* **MATERIAL TO PROCESS**:
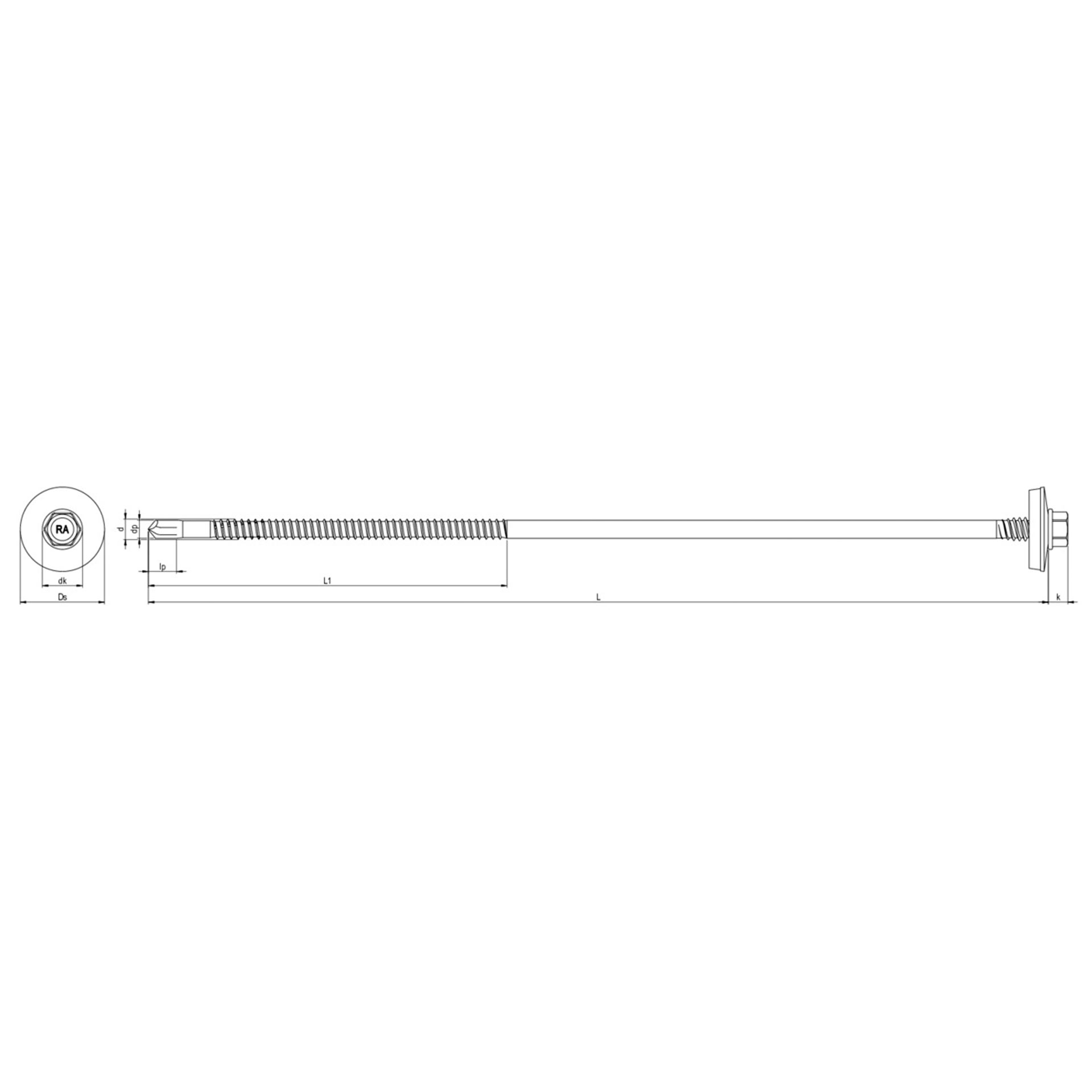 RP-7K-P Sandwich-Bohrschraube 5,5 x 235 mm, Skizze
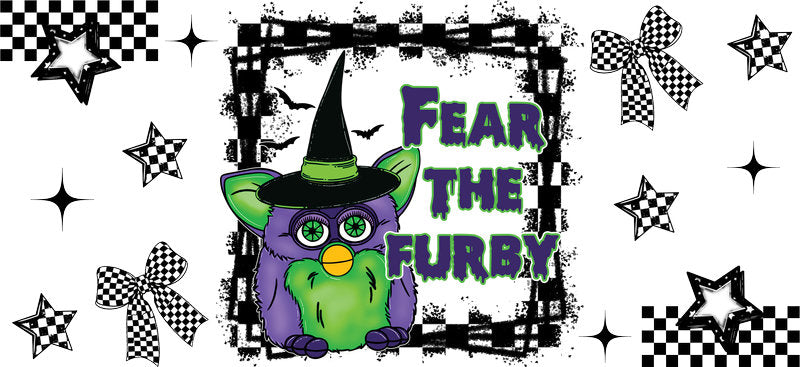 Witch Furby Halloween UV DTF Cup Wrap for 16oz Libbey Can KA-17383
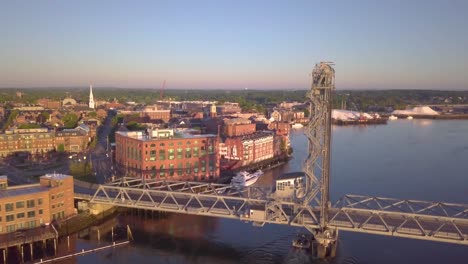 sunrise over portsmouth bridge, nh in 4k at 29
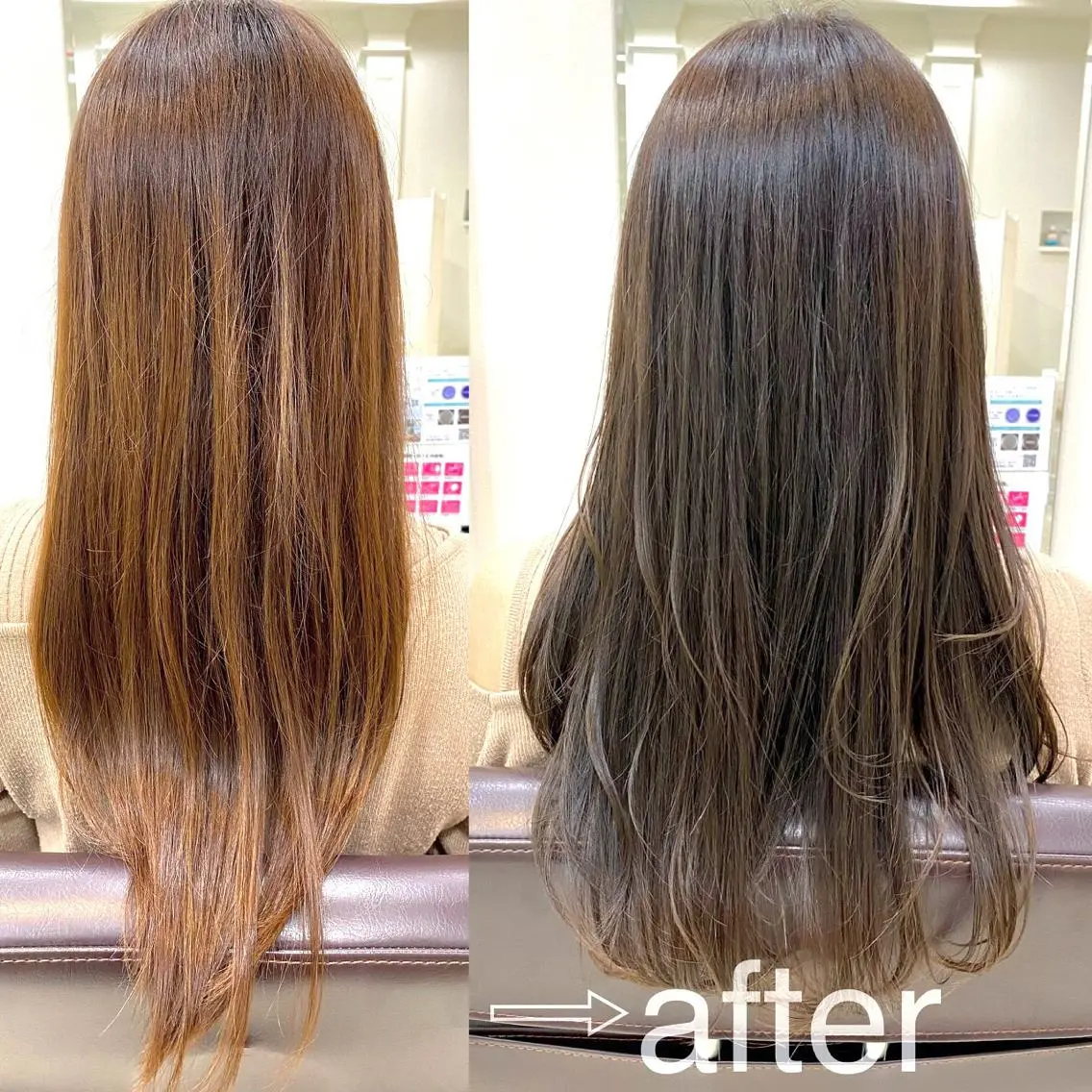 セミロング カラー アッシュ 菜 摘のヘアスタイル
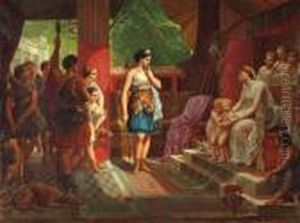 La Presentation Des Amours A La Deesse Diane by Henri Pierre Picou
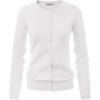 imageGRACE KARIN Womens Long Sleeve Button Down Crew Neck Classic Sweater Knit CardiganCool White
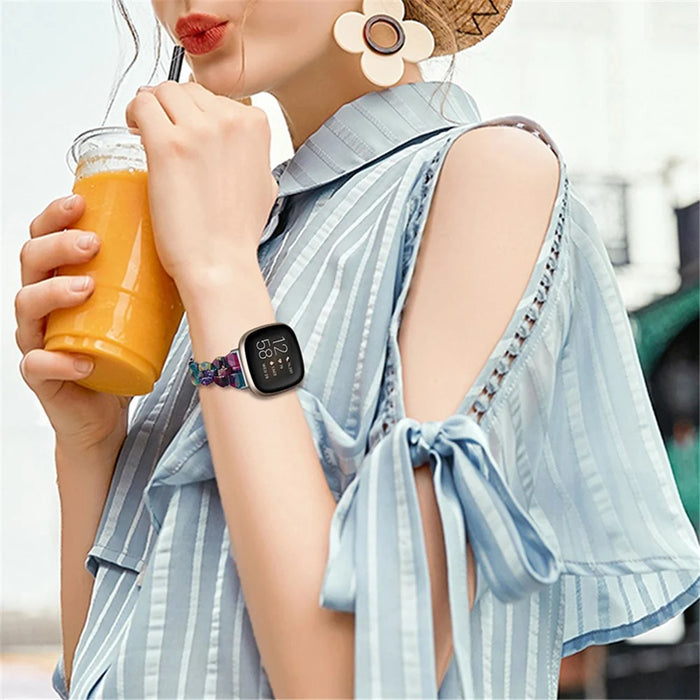 For Fitbit Versa 3 / Sense, Universal Resin Watch Strap Quick Release Smart Bracelet Band - Purple Green Flower - 6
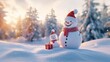 © Joyce - Cute snowman. Winter holiday theme.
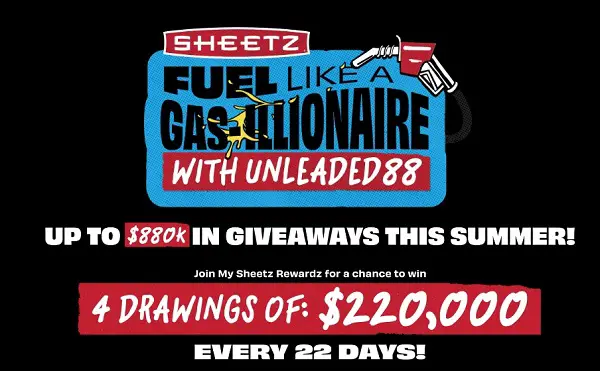 Sheetz Unleaded88 Sweepstakes: Win $220000 in Free Sheetz Gift Card (4 Winners)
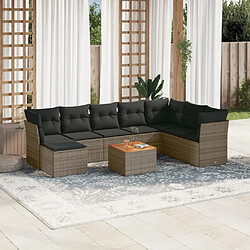 Maison Chic Ensemble Tables et chaises d'extérieur 9 pcs avec coussins,Salon de jardin gris résine tressée -GKD331310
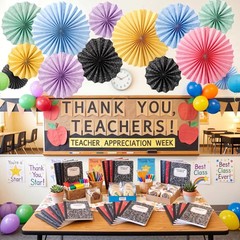 18 Pcs Graduation Hanging Paper Fans Composition Notebook Classroom Decoratio…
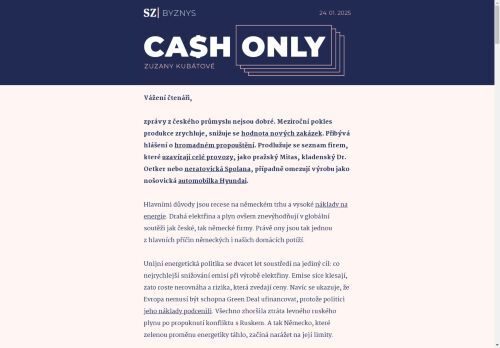 Cash Only: Green Deal je nákladný a zvedá ceny. Náhradní plán ale nemáme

* **ACTIVITY**: Repeat the records above exactly, leaving out any pictures they contain.

* **ANSWER FOR THIS EXERCISE**:
 RP-7K-P Sandwich-Bohrschraube 5,5 x 235 mm, Skizze
 Witch Furby Halloween UV DTF Cup Wrap for 16oz Libbey Can KA-17383
 sunrise over portsmouth bridge, nh in 4k at 29
 セミロング カラー アッシュ 菜 摘のヘアスタイル
 La Presentation Des Amours A La Deesse Diane by Henri Pierre Picou
 imageGRACE KARIN Womens Long Sleeve Button Down Crew Neck Classic Sweater Knit CardiganCool White
 For Fitbit Versa 3 / Sense, Universal Resin Watch Strap Quick Release Smart Bracelet Band - Purple Green Flower - 6
 © Joyce - Cute snowman. Winter holiday theme.
 Sheetz Unleaded88 Sweepstakes: Win $220000 in Free Sheetz Gift Card (4 Winners)
 Maison Chic Ensemble Tables et chaises d'extérieur 9 pcs avec coussins,Salon de jardin gris résine tressée -GKD331310
 18 Pcs Graduation Hanging Paper Fans Composition Notebook Classroom Decoratio…
 Cash Only: Green Deal je nákladný a zvedá ceny. Náhradní plán ale nemáme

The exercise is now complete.